L’Europa e il crocevia del Caucaso. Il Caucaso meridionale, (Georgia, Azerbaijan, Armenia), a partire dal 2004 è entrato a fare parte integrante della Politica europea di vicinato. Da questa data l’Ue ha formalmente stabilito che il Caucaso rappresenta un’area di grande rilevanza strategica per la propria sicurezza energetica ed allo stesso tempo un importante banco di prova  per il proprio ruolo internazionale, essendo una regione caratterizzata da forti tensioni geopolitiche e da una serie di irrisolti conflitti etnico-territoriali. In primis si deve fare riferimento alla crisi del Nagorno-Karabakh, dietro alla quale si nascondono interessi economici legati agli oleodotti del  Mar Caspio che devono necessariamente transitare nella regione contesa da Armenia e Azerbaijan. Non certo a caso la diplomazia russa vi gioca un ruolo importante, anche attraverso il suo ruolo di mediazione tra le parti in conflitto.
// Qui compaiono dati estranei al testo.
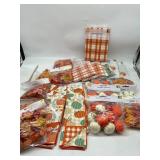 Large Lot of Fall Decor!! Includes Variety of Dish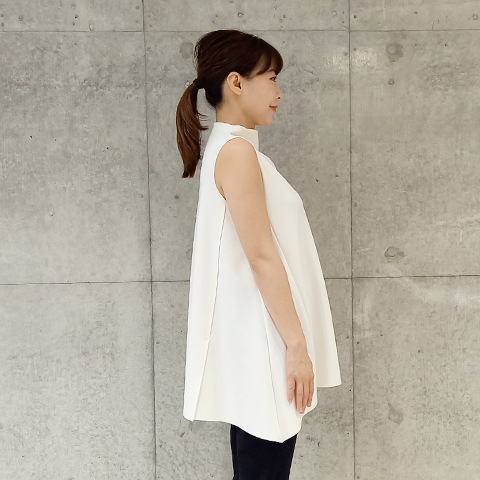 【Aqua】ハイネック・チュニックベスト 【3222701】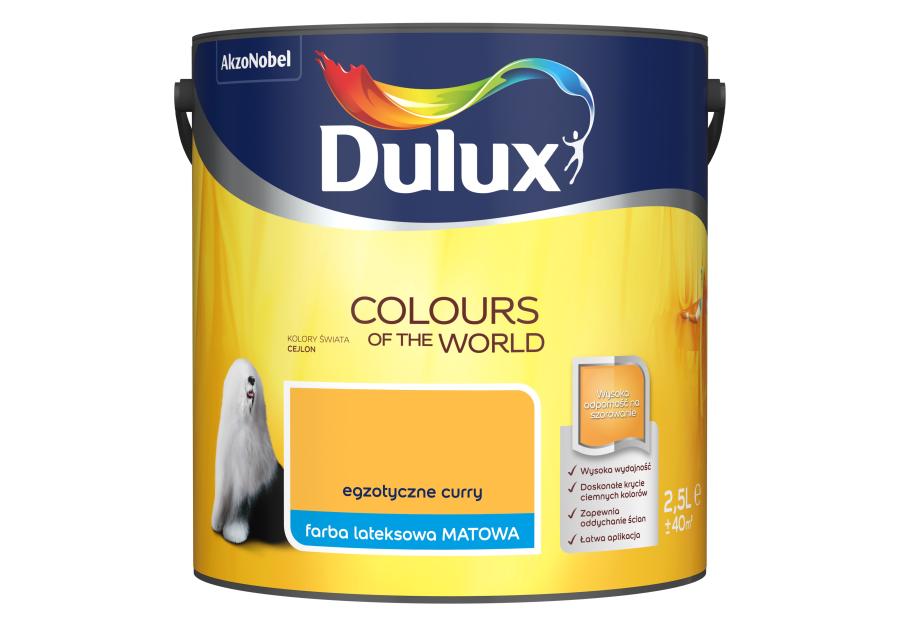 Zdjęcie: Farba do wnętrz Kolory Świata 2,5 L egzotyczne curry DULUX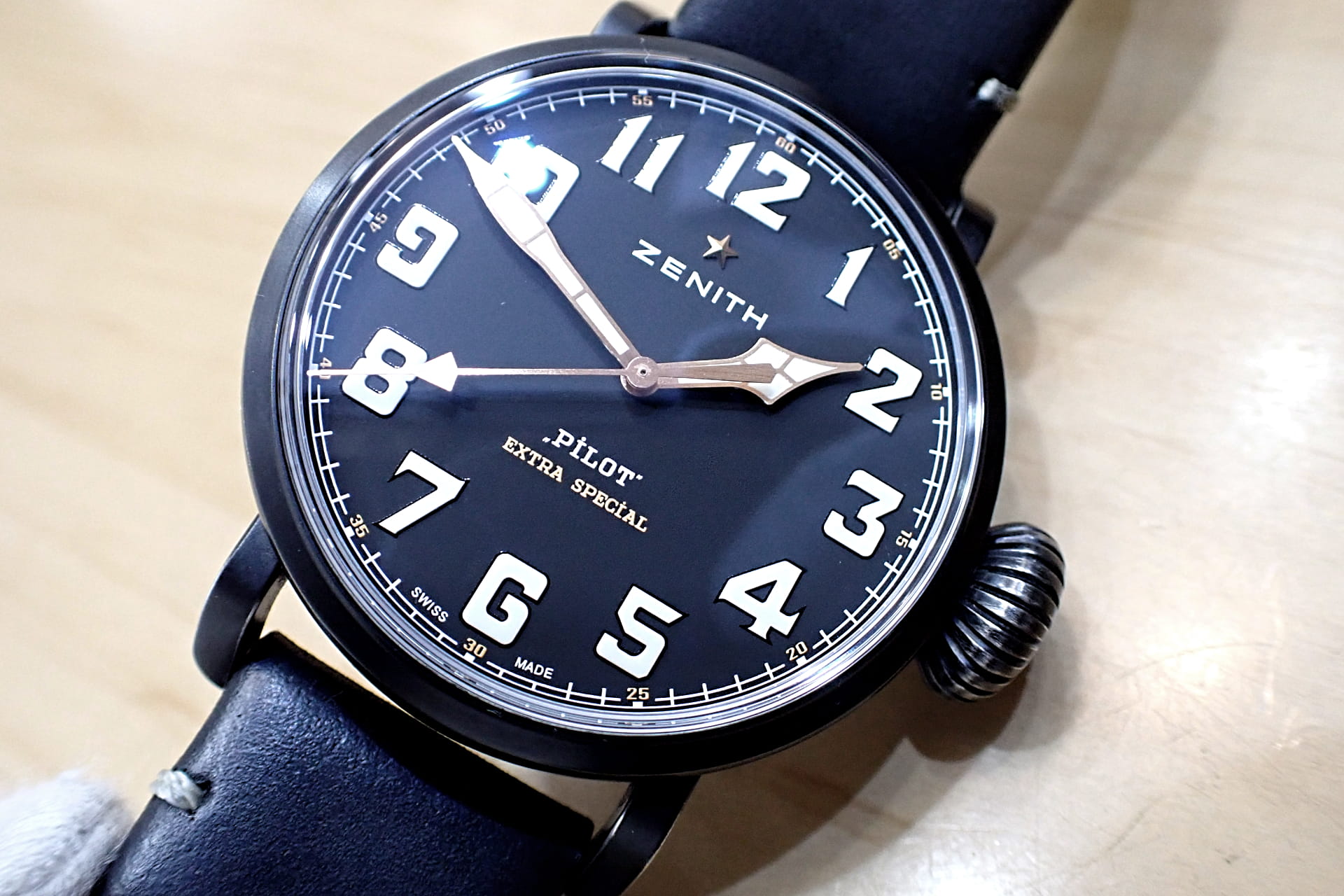 中古品B【ZENITH】ゼニス パイロット タイプ20 トンアップ Ref.11.2432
L’Ue è intervenuta a sua volta nella regione caucasica meridionale inviando un contingente di  circa 200 osservatori in Georgia per garantire il rispetto della tregua firmata a seguito del conflitto dell’estate del 2008 per le enclave di Abkhazia e Ossezia del Sud, che consentono di fatto alla Russia il pieno controllo del Mar Nero. Al di là delle pur legittime rivendicazioni di autonomia culturale e amministrativa o di indipendenza politica tout court proclamate dalle due repubbliche secessioniste con il decisivo aiuto della Russia, si profila ancora una volta la questione dell’accesso alle risorse energetiche del Mar Caspio, che costituiscono il 18% delle riserve petrolifere e il 45% di quelle gassose mondiali (l’interesse dei paesi e delle majors occidentali è aumentato progressivamente a partire dagli anni Novanta, ritenendo l’area più stabile politicamente rispetto al contesto mediorientale). È evidente che il controllo o perlomeno la presenza in quest’area comporta una serie di opportunità e di rischi strategici che qualsiasi attore internazionale deve necessariamente valutare e gestire con grande attenzione.
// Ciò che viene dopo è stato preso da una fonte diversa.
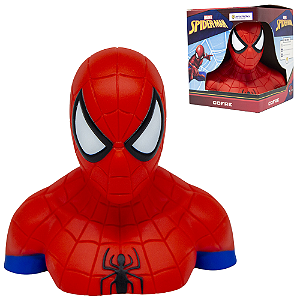 Homem Aranha Spider-Man Cofre Estátua Decorativa Formato 3D Em Vinil Oficial Marvel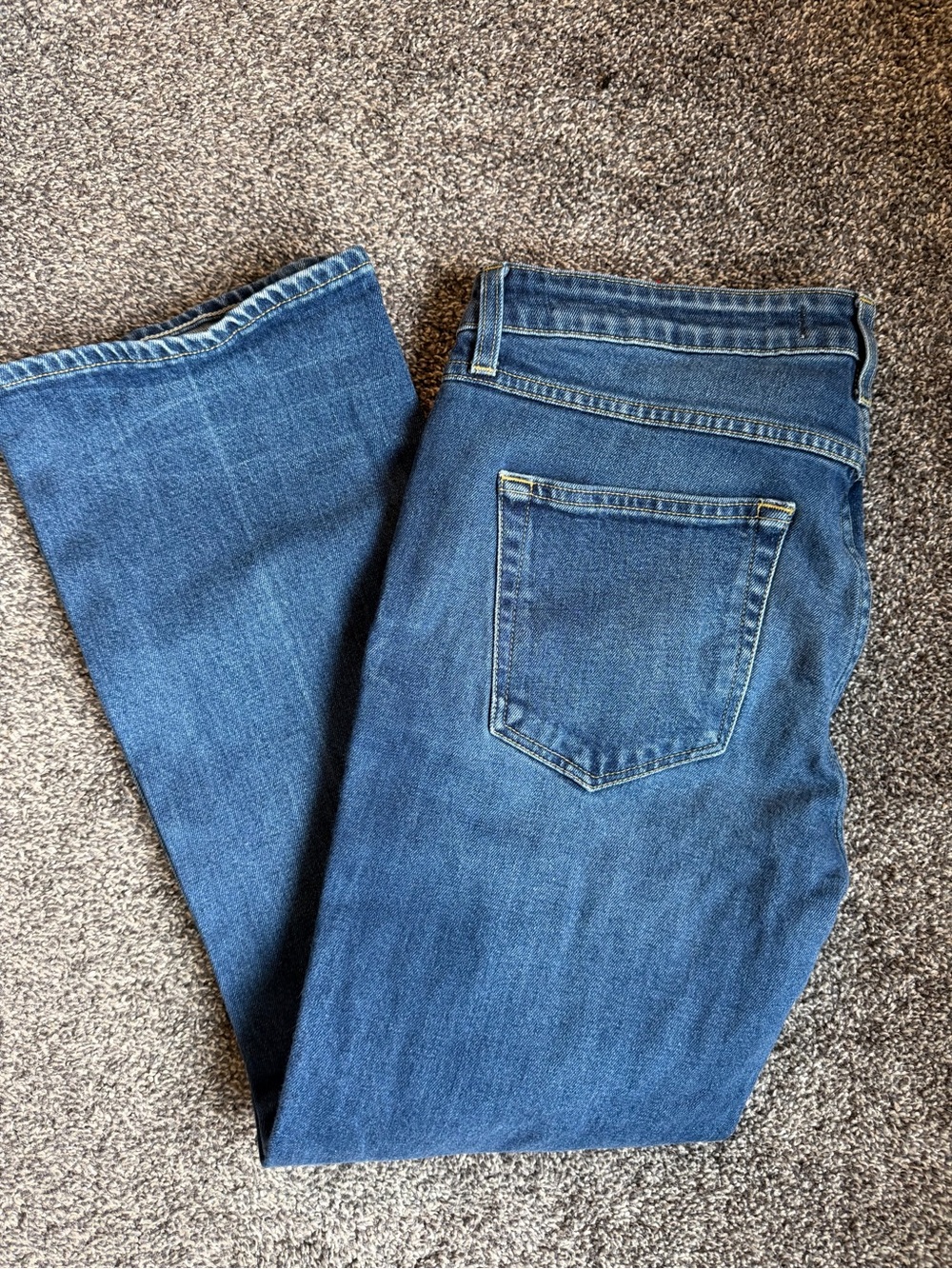AMO Straight-Leg Midwash Blue Jeans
Per l’Ue questo obiettivo si dimostra particolarmente importante anche dal punto di vista strettamente politico, perché la sua presenza si inserisce in un contesto in cui la sola diplomazia economica e commerciale – il cosiddetto “soft power” – non si rivela sufficiente per risolvere le gravi crisi  che infiammano la regione, non potendosi escludere la necessità di una serrata trattativa con gli altri attori regionali (a partire da Turchia, Iran e Russia) e forse, extrema ratio, anche il ricorso allo strumento militare. Proprio gli interventi militari hanno però rappresentato storicamente il principale elemento di divisione tra gli Stati membri, impedendo all’Ue di agire sulla scena internazionale come un’entità politicamente coesa. Proprio l’impegno europeo nel Caucaso meridionale, formalizzato a partire dal 2004, potrebbe determinare il definitivo superamento di quella sorta di “introversione protetta” di cui l’Ue ha potuto godere durante la Guerra fredda e nei primi anni successivi alla caduta del Muro di Berlino, per proiettarsi nei “punti caldi” delle crisi internazionali. Di qui la necessità di intensificare, anche da parte dell’Italia, la preparazione delle missioni internazionali dell’Ue quale strumento flessibile e pronto per l’uso nel quadro di una rinnovata e coerente Politica europea di Sicurezza e Difesa nelle aree strategicamente cruciali per la difesa degli interessi italiani ed europei.